Earlier the upper cap fixed was 14% and 25% respectively in both the laws.With a view to keep some flexibility to increase the rates in future, the upper cap has been fixed at 20% and 40% respectively under CGST and IGST Law. This is done just to provide some headroom if the need arises to raise taxes in future, however at present the applicable slab rate will be same as approved by council i.e. 5%, 12%, 18% and 28%.

6.    Payment of GST by recipient under Reverse Charge in case of supply of taxable goods or services or both by a unregistered supplier to a registered person.

In line with the purchase tax on purchase of goods from an unregistered dealer prevailing in many of the states, the GST Bill has introduced the same. Liability to pay GST in such cases will be on the recipient of such goods or services.

Section 9(4) of the GST Bill provides that if a supplier (say, a stationery store) is not registered, and there is a sale to a registered entity (say, a company), then the buyer shall bear the GST on such sale under what is technically referred to as a reverse charge mechanism.

Section 31(3)(f) makes this even more challenging. The buyer has to ‘self-invoice’ — in other words, he has to issue an invoice for the purchase made by him from the unregistered seller. This invoice is to be uploaded in the GST system. (Invoicing to self entails HSN (classification) challenges). This clause needs to be given thought as it increases compliance burden while government does not earn anything as tax payer gets credit of tax paid. It could be a unnecessary  revenue neutral exercise. Perhaps, the main motivation of the law is to deter evasion by ensuring that every single goods or services in a supply chain is reported.
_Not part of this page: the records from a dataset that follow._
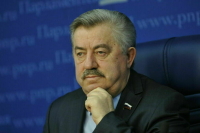 Водолацкий сообщил о создании под Ростовом оперштаба по приему жителей Донбасса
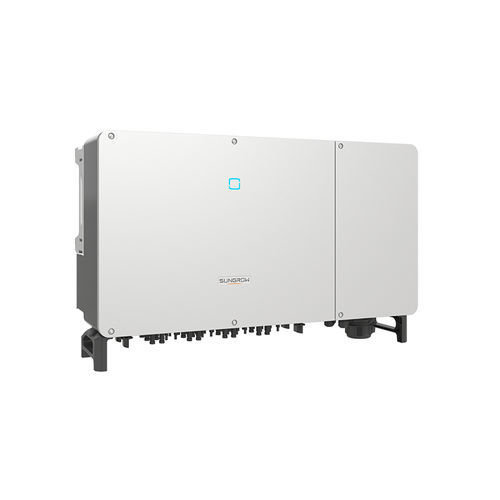 Photovoltaik-Wechselrichter - SG110CX - Sungrow Power Supply - String / einphasig / Trafolose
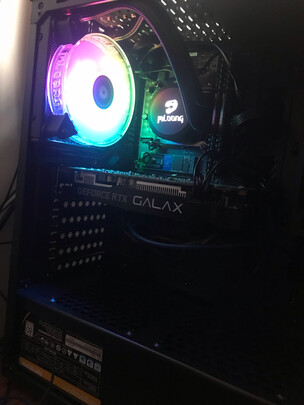 名龙堂i7 10700F电脑主机好不好用？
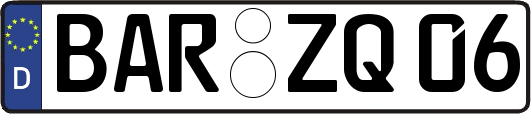 BAR-ZQ06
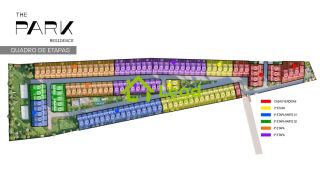 Casa no Eusébio com 03 Suítes á Venda no The Park Residence - Ceará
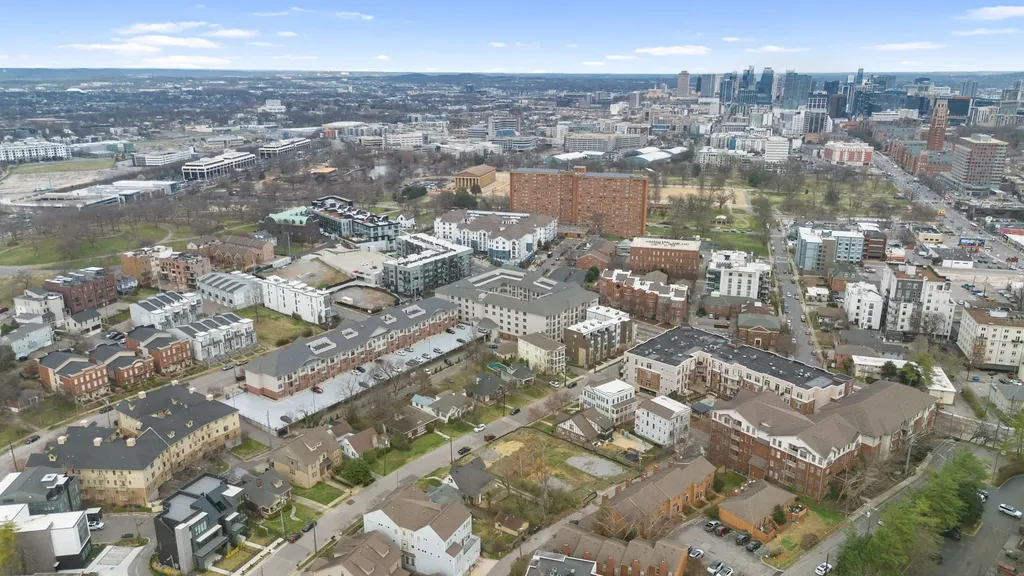 3110 Belwood Street Nashville TN 37203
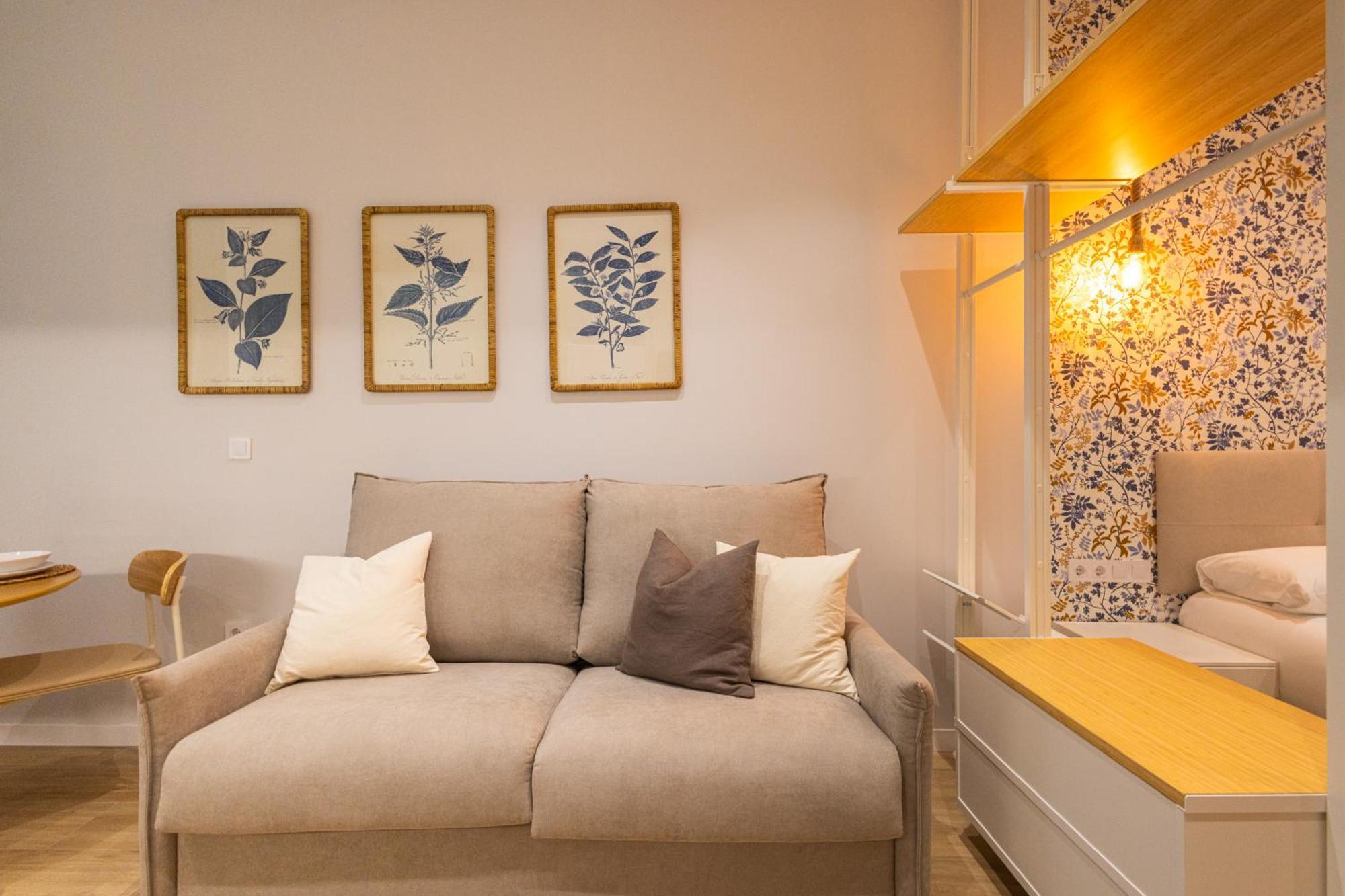 Florit Flats - The Sorolla Apartments Valence Extérieur photo
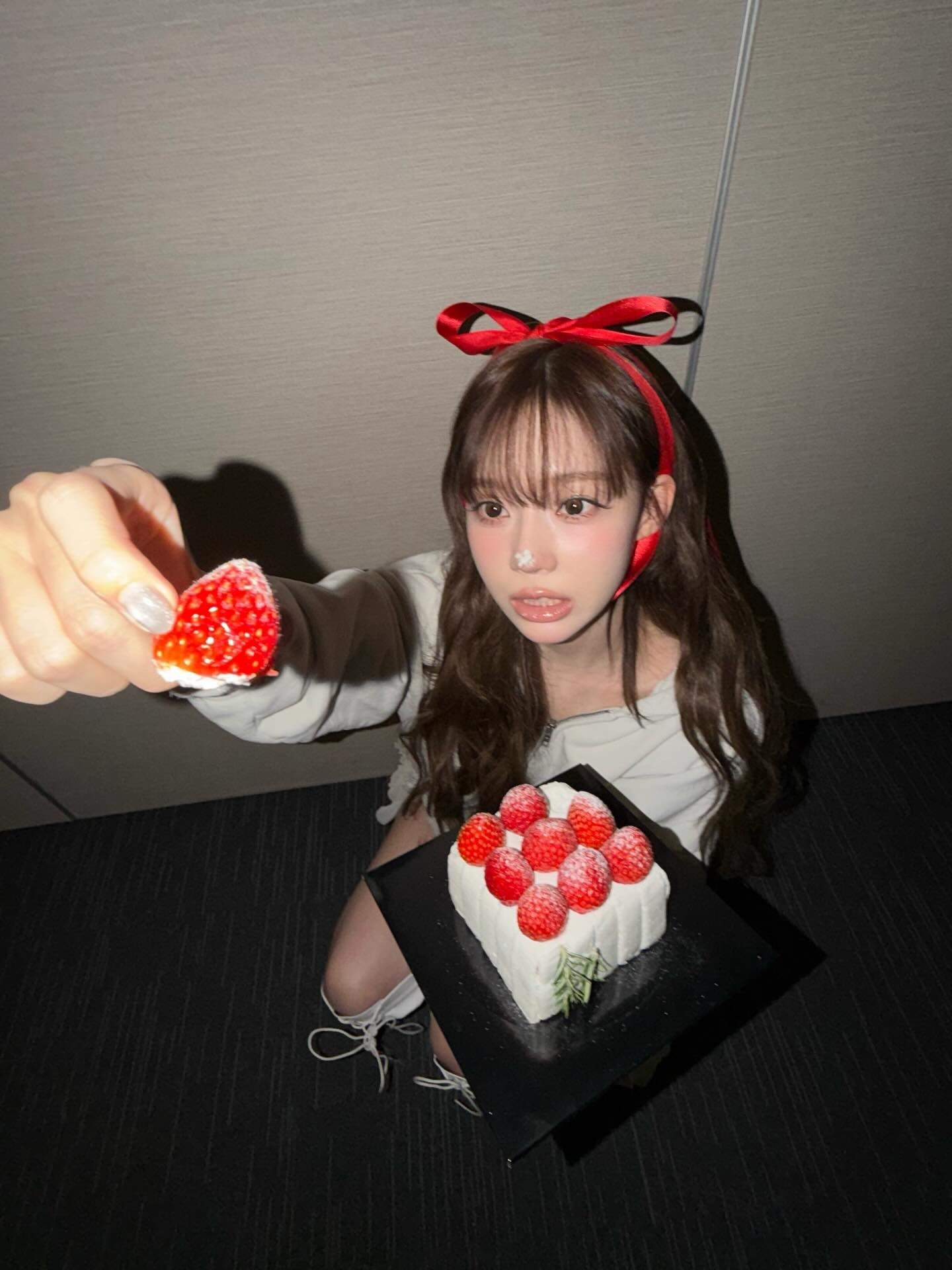 HBD to winter🎀🩷🥰☃️⛄️ 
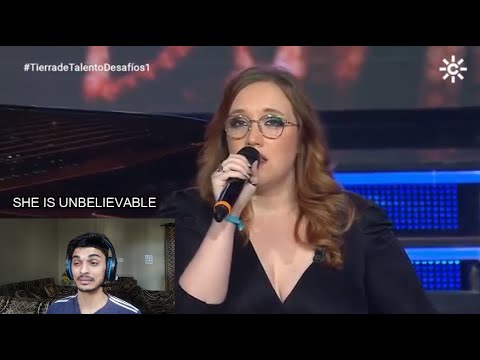 "María Villalón y Martha - Presentación La chusma selecta Fase desafíos Tierra de Talento " #771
7.    Reduction in Composition rates, a welcome move for MSME sector:

Earlier it was proposed to levy 1% composition rate for trader and 2.5% for manufacturer. Further composition scheme was not allowed for a supplier of services. Now in the bill, some reduction in composition rates has been made which is a welcome move for the MSME sector. 1% of composition rate will be applicable in case of a manufacturer instead of earlier 2.5%. Further 0.50% of composition rate will be applicable in case of a trader instead of earlier 1%. Further the composition scheme will now be allowed to Restaurant Sector with a composition rate of 2.5%.

8.    Requirement to seek permission from proper officer for composition scheme is dispensed with:

Now a registered person, whose aggregate turnover in the preceding financial year did not exceed, may OPT to pay under composition scheme.

9.  Change in Actual Payment Condition for Non-reversal of Credits:

Earlier where a recipient fails to pay to the supplier of services, the amount towards the value of supply along with taxes thereon within a period of 3 months from the date of issue of invoices by the supplier, an amount equal to ITC availed were required to be paid along with interest thereon. Thus the aforesaid provision was restricted only in case of Services. Further there was no provision made in the law for re-allowing the credit reversed earlier due to application of aforesaid provisions. Now in the bill, the aforesaid provision is also extended to supply of Goods. Further the time period for payment is extended to 180 days from earlier 3 months.  Also, provision has also been made for re-availing the credit reversed earlier at the time of actual payment.

10.  Credit of Rent-a-cab, life insurance, and health insurance allowed, if used for making an outward taxable supply of same category.

Earlier the credit of rent-a-cab, life insurance, and health insurance were fully denied except where the government notifies the services which are obligatory for an employer to provide to its employees under any law for the time being in force.The aforesaid provision of denial of credit would have multi fold consequences. For example, a life insurance company, in case re-insurance of life insurance, will not be eligible to take credit of GST paid on re-insurance amount.With a view to avoid the genuine hardships, the credit of aforesaid services will be allowed if used for making an outward taxable supply of same category or as a part of taxable composite or mixed supply.